The entries that follow include a run beginning at the line with "Tempered Glass (Horizontal/Vertical)" and ending at the line with "Créez votre propre"; restate that run word for word and leave the rest out.

- - - - -

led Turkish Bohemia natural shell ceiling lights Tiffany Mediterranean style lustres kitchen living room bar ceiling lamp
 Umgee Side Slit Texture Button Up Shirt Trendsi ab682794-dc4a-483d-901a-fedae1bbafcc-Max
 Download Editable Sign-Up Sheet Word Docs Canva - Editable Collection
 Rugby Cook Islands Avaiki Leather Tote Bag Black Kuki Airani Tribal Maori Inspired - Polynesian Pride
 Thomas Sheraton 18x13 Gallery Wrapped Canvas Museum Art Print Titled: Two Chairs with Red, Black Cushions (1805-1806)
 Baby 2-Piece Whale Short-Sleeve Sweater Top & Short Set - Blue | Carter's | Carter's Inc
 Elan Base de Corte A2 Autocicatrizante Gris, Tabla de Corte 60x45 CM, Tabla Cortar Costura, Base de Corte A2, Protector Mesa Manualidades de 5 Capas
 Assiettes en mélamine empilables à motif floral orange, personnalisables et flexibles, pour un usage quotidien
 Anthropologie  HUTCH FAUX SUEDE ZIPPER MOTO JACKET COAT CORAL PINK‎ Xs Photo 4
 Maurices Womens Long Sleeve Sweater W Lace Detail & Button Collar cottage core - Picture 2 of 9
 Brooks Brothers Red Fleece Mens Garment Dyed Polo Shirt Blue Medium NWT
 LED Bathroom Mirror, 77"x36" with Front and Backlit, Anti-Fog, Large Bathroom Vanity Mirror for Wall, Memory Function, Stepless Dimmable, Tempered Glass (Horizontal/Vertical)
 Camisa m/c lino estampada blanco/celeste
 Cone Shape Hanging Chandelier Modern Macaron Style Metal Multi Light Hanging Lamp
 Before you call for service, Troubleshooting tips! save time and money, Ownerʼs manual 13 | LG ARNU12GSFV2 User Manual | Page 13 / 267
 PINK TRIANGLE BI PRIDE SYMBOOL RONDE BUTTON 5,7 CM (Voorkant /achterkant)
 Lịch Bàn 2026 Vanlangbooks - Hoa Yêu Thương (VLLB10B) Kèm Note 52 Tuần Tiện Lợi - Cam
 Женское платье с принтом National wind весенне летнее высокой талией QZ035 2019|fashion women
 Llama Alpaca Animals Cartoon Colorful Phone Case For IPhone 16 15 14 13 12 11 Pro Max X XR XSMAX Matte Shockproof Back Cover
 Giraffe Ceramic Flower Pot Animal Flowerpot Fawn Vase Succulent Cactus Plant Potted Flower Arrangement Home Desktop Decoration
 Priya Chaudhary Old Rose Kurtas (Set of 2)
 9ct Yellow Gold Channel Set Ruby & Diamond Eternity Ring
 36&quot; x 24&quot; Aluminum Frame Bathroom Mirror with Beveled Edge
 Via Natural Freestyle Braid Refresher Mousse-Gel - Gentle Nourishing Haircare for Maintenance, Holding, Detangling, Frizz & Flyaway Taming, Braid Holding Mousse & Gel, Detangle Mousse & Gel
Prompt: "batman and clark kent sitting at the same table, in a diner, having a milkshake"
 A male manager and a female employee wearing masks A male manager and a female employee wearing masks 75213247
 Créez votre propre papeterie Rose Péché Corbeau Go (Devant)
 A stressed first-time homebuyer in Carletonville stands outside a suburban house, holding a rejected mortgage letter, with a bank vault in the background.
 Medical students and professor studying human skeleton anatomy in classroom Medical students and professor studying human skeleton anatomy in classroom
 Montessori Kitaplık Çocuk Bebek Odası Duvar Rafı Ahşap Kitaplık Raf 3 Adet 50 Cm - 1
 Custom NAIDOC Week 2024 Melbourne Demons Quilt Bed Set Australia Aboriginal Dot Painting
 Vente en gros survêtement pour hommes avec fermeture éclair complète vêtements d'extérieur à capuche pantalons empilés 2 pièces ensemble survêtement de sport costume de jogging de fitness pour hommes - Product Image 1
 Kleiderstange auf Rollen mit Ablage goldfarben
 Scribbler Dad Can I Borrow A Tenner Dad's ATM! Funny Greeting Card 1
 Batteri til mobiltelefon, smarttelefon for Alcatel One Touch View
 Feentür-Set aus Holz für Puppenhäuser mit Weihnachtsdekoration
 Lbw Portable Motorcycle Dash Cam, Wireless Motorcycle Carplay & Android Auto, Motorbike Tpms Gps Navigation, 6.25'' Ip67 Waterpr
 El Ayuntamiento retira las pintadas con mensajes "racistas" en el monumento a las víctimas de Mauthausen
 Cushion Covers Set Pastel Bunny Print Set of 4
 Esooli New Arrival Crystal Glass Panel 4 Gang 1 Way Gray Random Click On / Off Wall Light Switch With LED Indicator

- - - - -

> **YOUR SOLUTION**:
 LED Bathroom Mirror, 77"x36" with Front and Backlit, Anti-Fog, Large Bathroom Vanity Mirror for Wall, Memory Function, Stepless Dimmable, Tempered Glass (Horizontal/Vertical)
 Camisa m/c lino estampada blanco/celeste
 Cone Shape Hanging Chandelier Modern Macaron Style Metal Multi Light Hanging Lamp
 Before you call for service, Troubleshooting tips! save time and money, Ownerʼs manual 13 | LG ARNU12GSFV2 User Manual | Page 13 / 267
 PINK TRIANGLE BI PRIDE SYMBOOL RONDE BUTTON 5,7 CM (Voorkant /achterkant)
 Lịch Bàn 2026 Vanlangbooks - Hoa Yêu Thương (VLLB10B) Kèm Note 52 Tuần Tiện Lợi - Cam
 Женское платье с принтом National wind весенне летнее высокой талией QZ035 2019|fashion women
 Llama Alpaca Animals Cartoon Colorful Phone Case For IPhone 16 15 14 13 12 11 Pro Max X XR XSMAX Matte Shockproof Back Cover
 Giraffe Ceramic Flower Pot Animal Flowerpot Fawn Vase Succulent Cactus Plant Potted Flower Arrangement Home Desktop Decoration
 Priya Chaudhary Old Rose Kurtas (Set of 2)
 9ct Yellow Gold Channel Set Ruby & Diamond Eternity Ring
 36&quot; x 24&quot; Aluminum Frame Bathroom Mirror with Beveled Edge
 Via Natural Freestyle Braid Refresher Mousse-Gel - Gentle Nourishing Haircare for Maintenance, Holding, Detangling, Frizz & Flyaway Taming, Braid Holding Mousse & Gel, Detangle Mousse & Gel
Prompt: "batman and clark kent sitting at the same table, in a diner, having a milkshake"
 A male manager and a female employee wearing masks A male manager and a female employee wearing masks 75213247
 Créez votre propre papeterie Rose Péché Corbeau Go (Devant)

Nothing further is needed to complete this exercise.